La Cour d'appel de Chambéry a débouté le syndicat au motif que le syndic a participé aux opérations de réception et n'a pas émis de réserves sur ces désordres qui étaient apparents. Le promoteur aurait donc, d'après les juges du fond, était déchargé de sa responsabilité à l'égard du syndicat.
La Cour de cassation censure cette partie de l'arrêt d'appel en rappelant avec force que « la réception des travaux prononcée sans réserve par le vendeur en l'état futur d'achèvement est sans effet sur son obligation de livrer un ouvrage conforme aux stipulations contractuelles et la participation des acquéreurs à cette réception n'a aucun effet juridique ».
La formulation est dénuée de toute ambiguïté et pose clairement, en toute logique, le principe de l'absence d'effet de la réception des parties communes par le syndic sur l'obligation du vendeur en l'état futur d'achèvement de livrer un ouvrage conforme aux stipulations contractuelles.
En revanche les réserves mentionnées sur le procès-verbal, ou dénoncées par le syndic sont importantes pour mettre en œuvre le régime des garanties des vices apparents.
En effet l'alinéa second de l'article 1648 prévoit : « dans le cas prévu à l'article 1642 -1, l'action doit être introduite, à peine de forclusion, dans l'année qui suit la date à laquelle le vendeur peut être déchargé des vices apparents. »
Par un arrêt du 16 décembre 2009, la 3ème Chambre Civile de la Cour de Cassation (Pourvoi n° 08-19.612) a toutefois confirmé l'interprétation déjà admise par la 3ème Chambre Civile dans un arrêt du 15 février 2006 (JurisData 2006-032186), aux termes duquel le vendeur d'immeuble à construire ne peut opposer le fait à l'acquéreur que les vices apparents lui ont été dénoncés postérieurement au mois qui suit la prise de possession : « l'acquéreur est recevable pendant un an à compter de la réception des travaux ou de la prise de possession des ouvrages à intenter contre le vendeur l'action en garantie des vices apparents, même dénoncés postérieurement à l'écoulement du délai d'un mois après la prise de possession. »
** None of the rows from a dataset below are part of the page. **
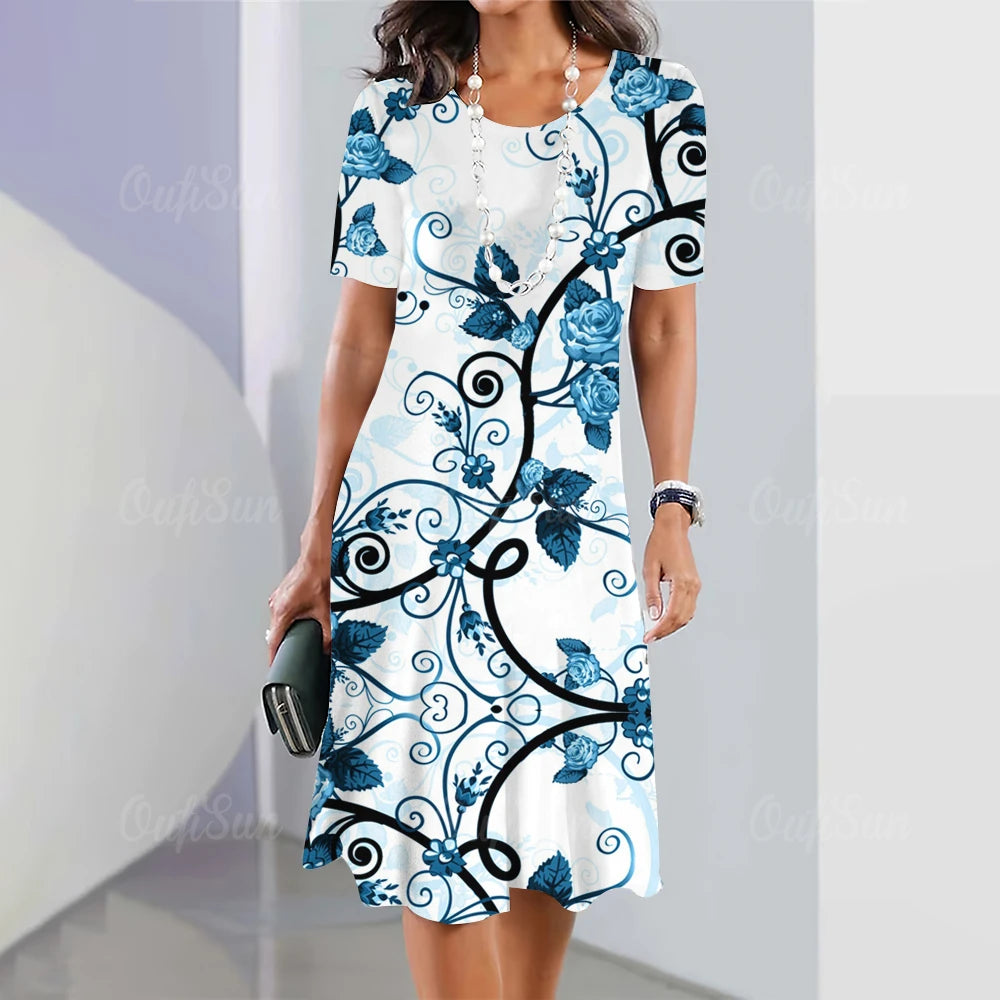 Summer Women'S Dresses 3d Art Flowers Printed Short Sleeve Clothing Elegant Loose A-Line Skirt Fashion Lady Large Size Dress
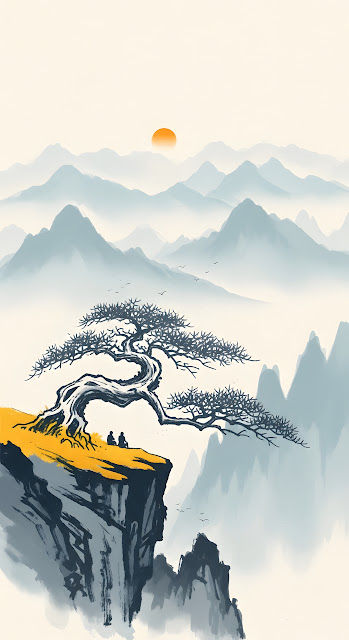 Zen Ink Wash Landscape with Gnarled Tree on Cliff - Free mobile Wallpaper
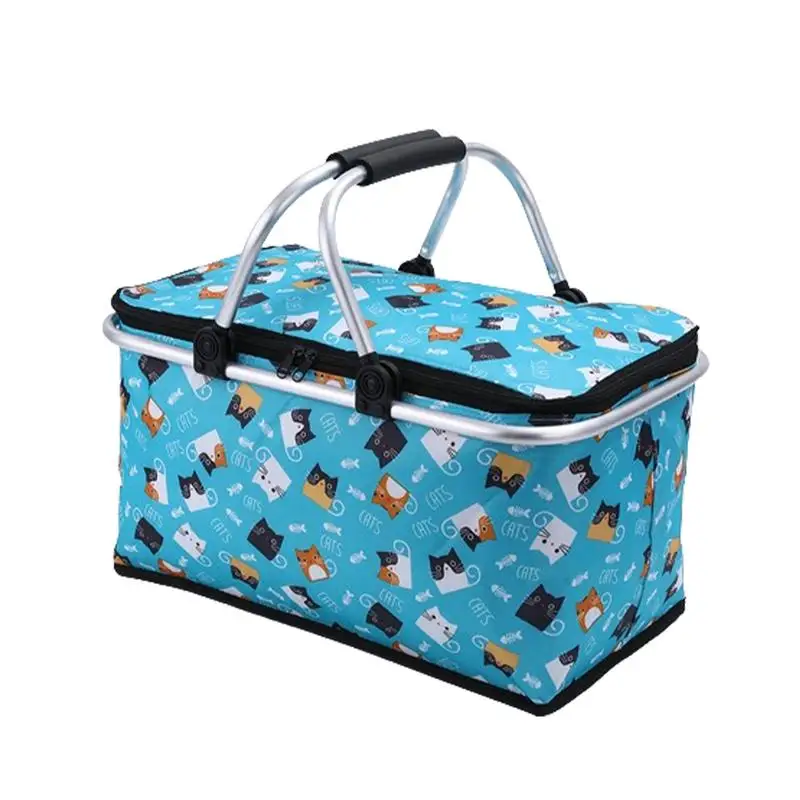 

Изолированная Корзина для пикника 30 л, Портативная сумка для пикника из искусственной ткани, с ручкой, пустая корзина для кемпинга на открытом воздухе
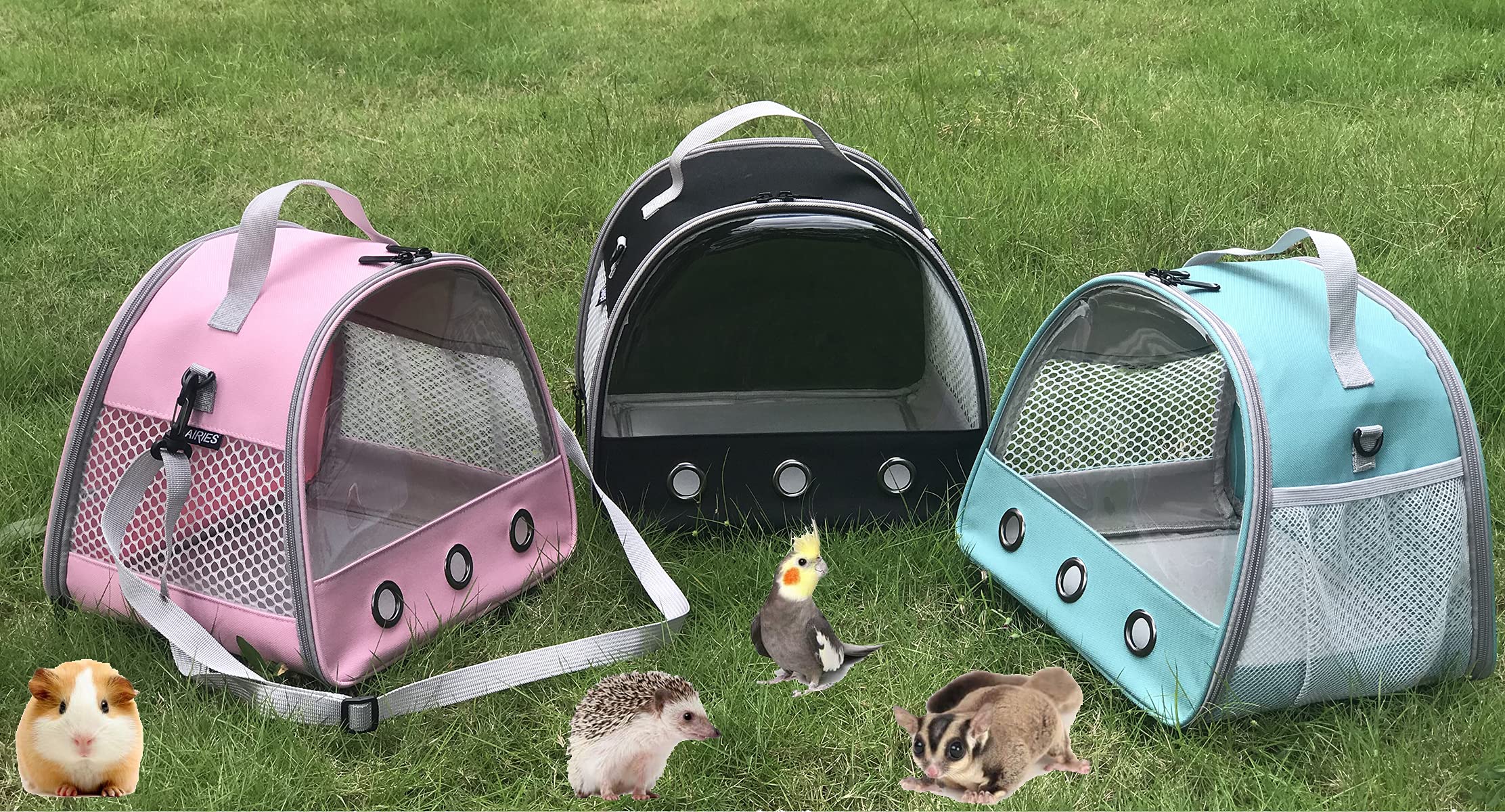 Guinea Pig Carrier Backpack, Clear Bubble Window Backpack For Guinea Pig, Bunny Rat Bird (Black, Carrier)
Il faut donc retenir que la Cour de Cassation affirme que l'article 1642-1 du Code Civil n'est pas un délai de dénonciation mais un délai d'apparition du vice : les vices doivent être apparus avant l'expiration du délai d'un mois après la prise de possession, mais peuvent être dénoncés postérieurement à ce délai.
Se posera la question de la preuve de l'apparition du vice apparent pendant le mois suivant la prise de possession...
Il est donc important de retenir pour le syndic, si des vices apparents ou des non-conformités existent et ont été dénoncés par lui conformément à ce qui est prévu à l'article 1642-1, et qu'une action en justice soit introduite.
A défaut, il est susceptible d'engager sa responsabilité, comme vient également de le rappeler la Cour de cassation dans l'arrêt que nous commentons.
4/ Sur la responsabilité du syndic provisoire pour ne pas avoir attiré l'attention du syndicat sur l'existence de non-conformités apparentes.
La Cour de cassation confirme la responsabilité du syndic provisoire pour ne pas avoir informé les copropriétaires de l'opportunité de vérifier les façades quant à l'existence de non-conformités. En effet ce même syndic avait préalablement été autorisé dans une autre copropriété à agir en justice à raison de non conformités des façades contre le même promoteur.
Le préjudice résulte de la perte de chance pour le syndicat d'avoir pu dénoncer dans le délai légal les non-conformités et désordres apparents en d'en obtenir réparation de la part du promoteur.